WASHINGTON - President Barack Obama said this week's State of the Union address will focus on ensuring the US can compete with economic rivals, boost jobs and trim the deficit.
In a video to supporters that previews the nationally televised Jan 25 speech, Obama said that even with 9.4 percent unemployment, the economy is once again growing, corporate profits are on the rise and more than 1 million jobs have been created over the last year.
Obama said he will be pivoting from responding to the financial crisis that occupied much of the first two years of his presidency to meeting longer-range economic challenges.
"My principal focus, my number one focus, is going be making sure that we are competitive, that we are growing, and we are creating jobs not just now but well into the future," Obama said in the video released on Saturday. "I'm focused on making sure the economy is working for everybody, for the entire American family."

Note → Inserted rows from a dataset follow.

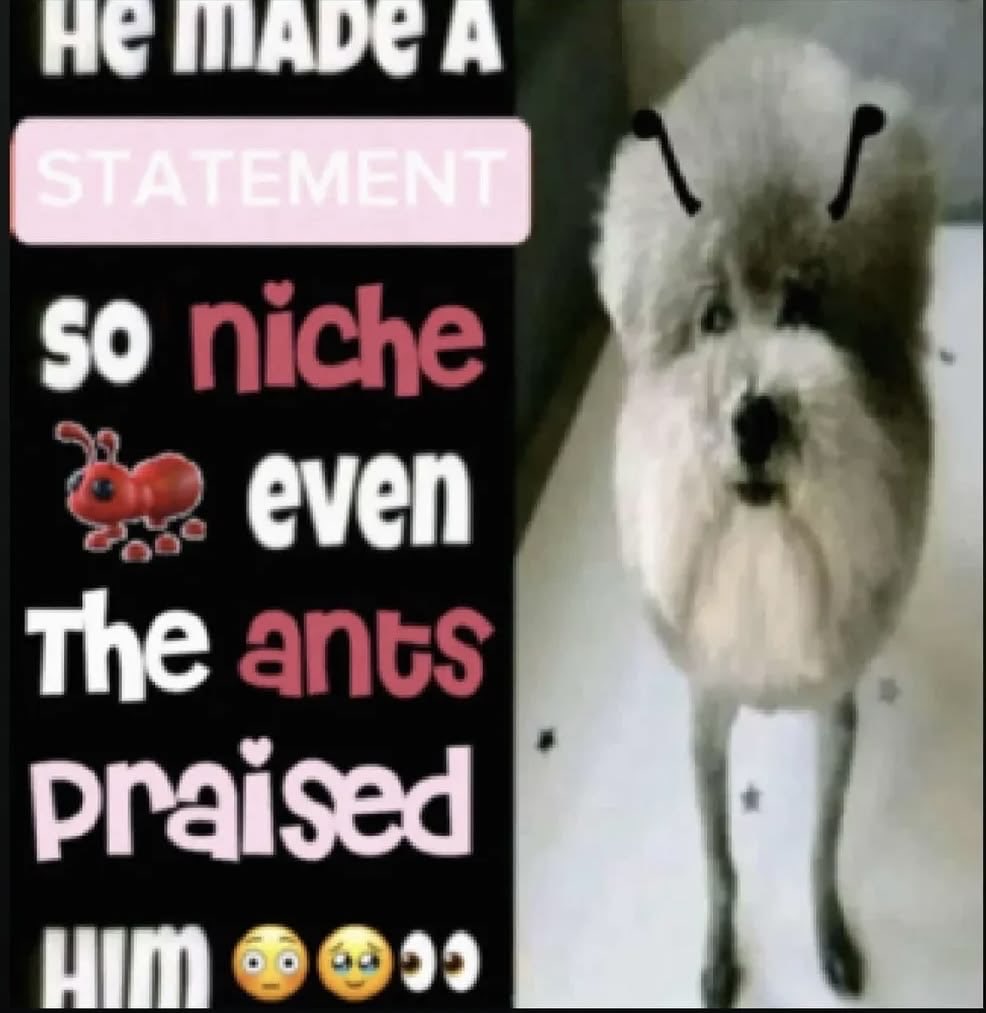 Chippyps tweet media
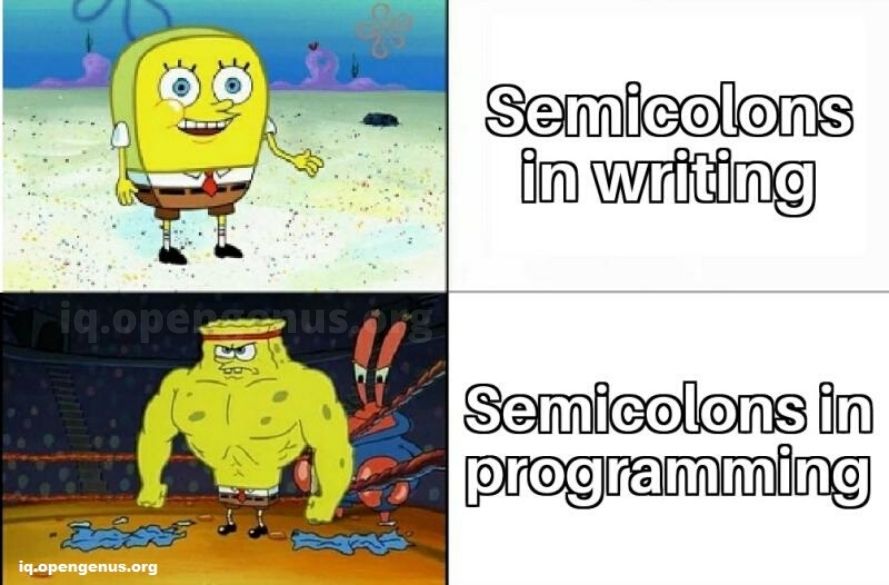 give semicolon some respect source: opengenus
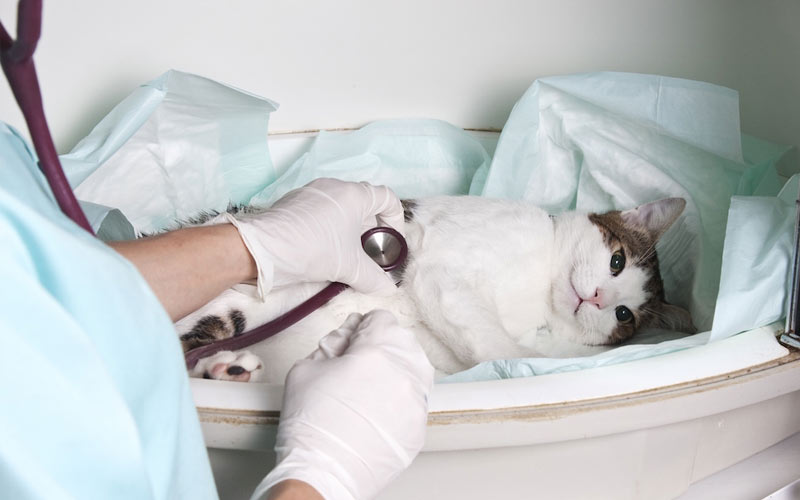 De quelles maladies chez le chat une langue qui dépasse peut-elle être un symptôme ?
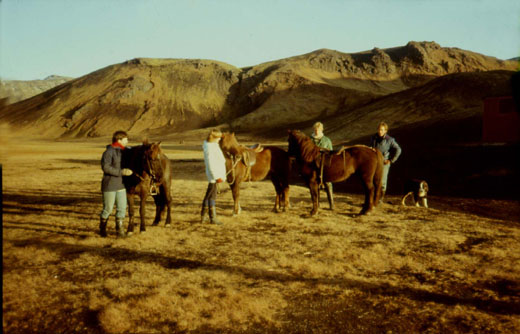 Leit  2-1983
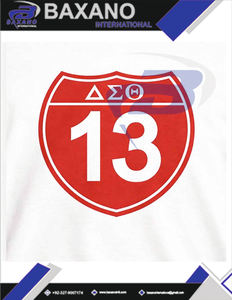 เสื้อยืด Delta Sigma Theta Sorority แบบมีลายพิมพ์ สีขาวตัดกับปกสีแดง ผ้าฝ้าย 100% ระบายอากาศได้ดี สไตล์สตรีท DST Sorority Tee - Product Image 5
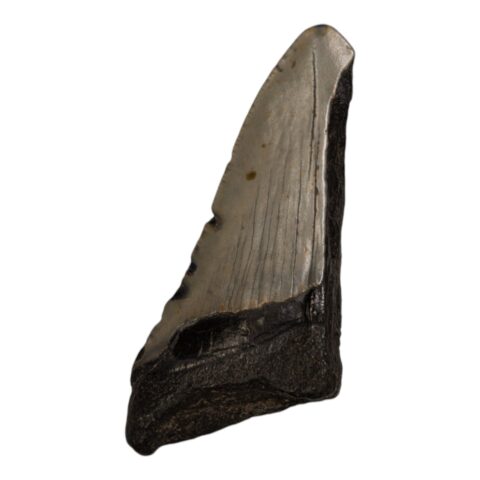 Real Megalodon Tooth - Half - 2.3281 oz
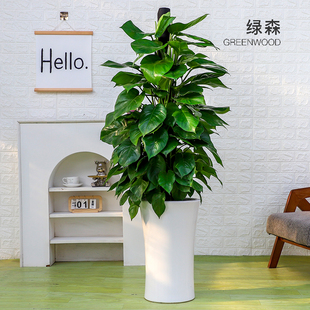 杭州绿森绿萝盆栽室内办公室吸甲醛大叶绿萝柱大型植物乔迁开业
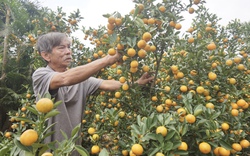 Dân làng này ở Hội An vui như đang Tết bởi quất cảnh chưa chín hết nhưng đã “cháy hàng” 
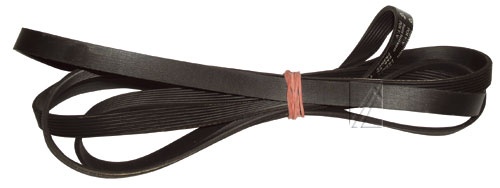 Poly-V-Riemen für Trockner Hutchinson 1938H7 Riemen, Rippenband
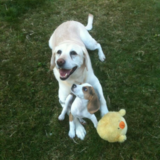 Entry image for Christy and Bailey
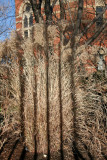 Winter Grass & Fence Shadows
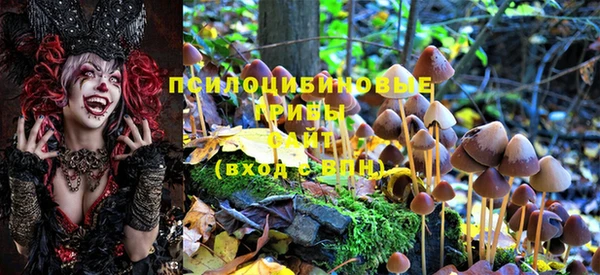 mdpv Пестово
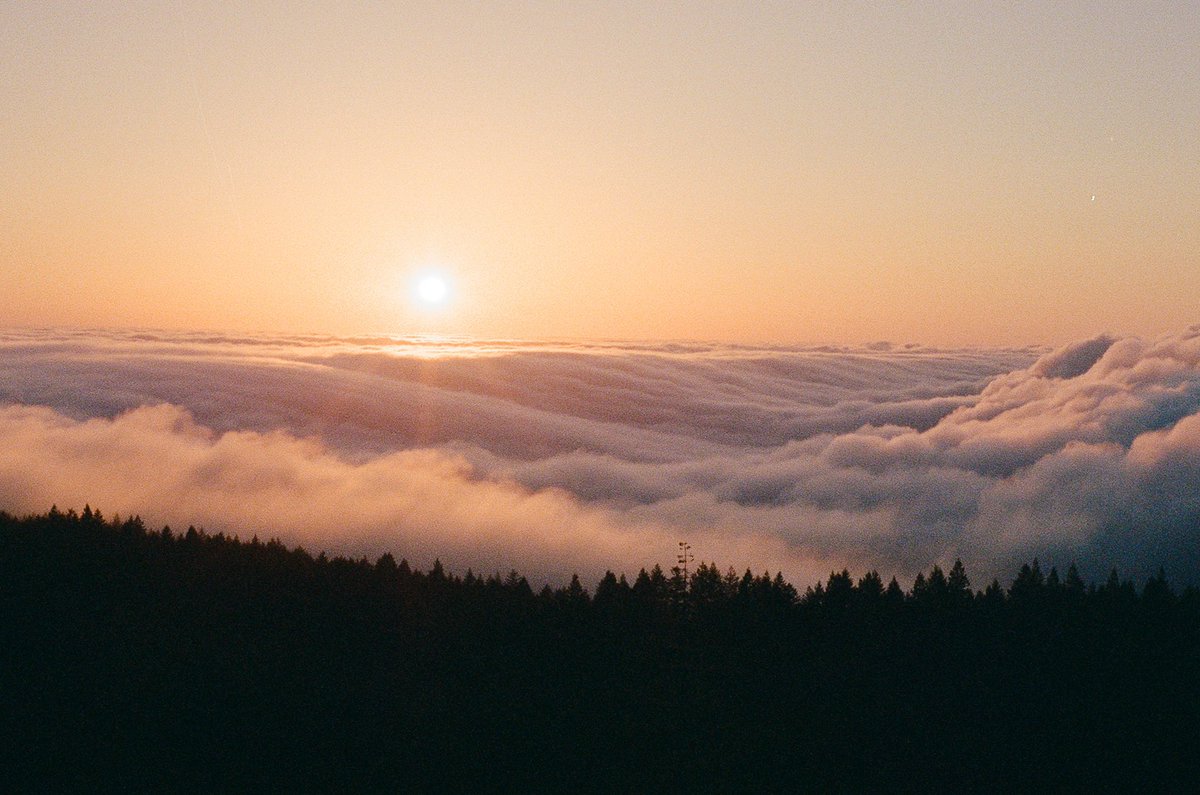 jakob_lr's tweet image. California Coast on 35mm film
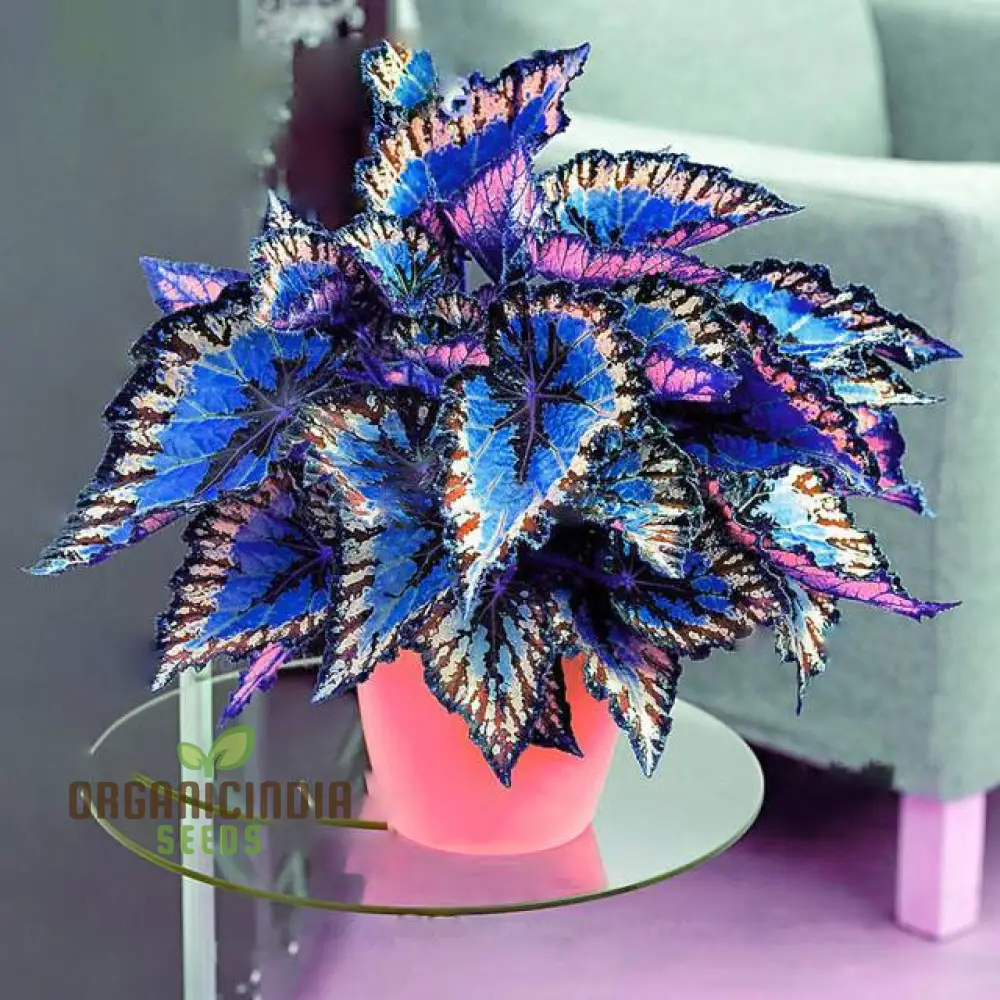 Begonia Bonsai Seeds – Compact Ornamental Indoor Plant - Image 3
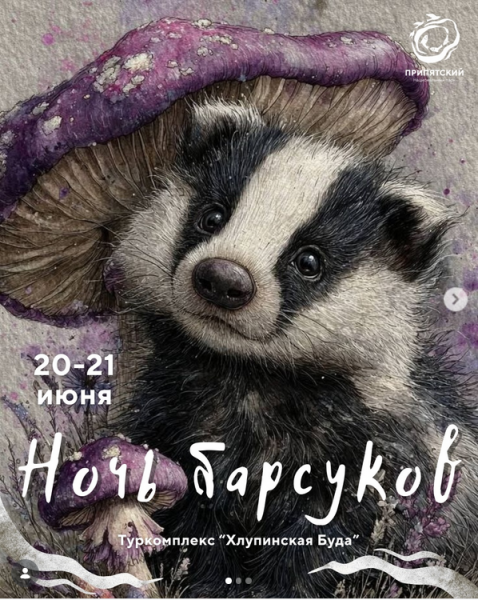 Квест, экскурсии по лесу, пикник у костра. Фестиваль 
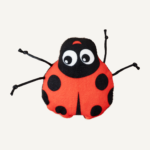 Lucky Ladybug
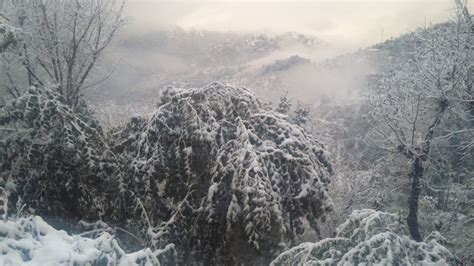 Shimla Snowfall Months - Safe Seasons to Visit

The theme of boosting the country's ability to compete with emerging economies such as China and India is one the president has been sounding since his trip to Asia last November.
During a Dec 6 speech in Winston-Salem, North Carolina, Obama said the nation faces a "Sputnik moment" - a reference to the Soviet Union's launch of the first satellite in 1957, ahead of the US.
Obama earlier last week hosted a state visit by Chinese President Hu Jintao, leader of a nation viewed as both an economic rival and a promising export market. On Friday, Obama named General Electric Co's chief executive officer, Jeffrey Immelt, to head a group of outside advisers called the President's Council on Jobs and Competitiveness.
With more than half of GE's revenue coming from outside the US, Obama said Immelt "understands what it takes for America to compete in the global economy".
Obama said on Friday to maintain that competitive edge the US must stay the most "dynamic economy in the world" and make sure that future generations can "compete with workers anywhere in the world".
"Now to do that, we're going to have to out-innovate, we're going to have to out-build, we're going to have to out-compete, we're going to have to out-educate other countries," Obama said. "That's our challenge."
With the speech marking the beginning of a politically divided Congress, Obama urged Republicans and Democrats to work together to find common ground on economic and security issues "even as we're having some very vigorous debates".
Chief among those challenges is reducing the more than $1.2 trillion US budget deficit. White House allies have been told not to expect a detailed budget plan in the speech, though the president will call for tough choices and may offer examples. Obama didn't indicate how he would address the recommendations from his bipartisan deficit commission, including a proposal to cut social security benefits.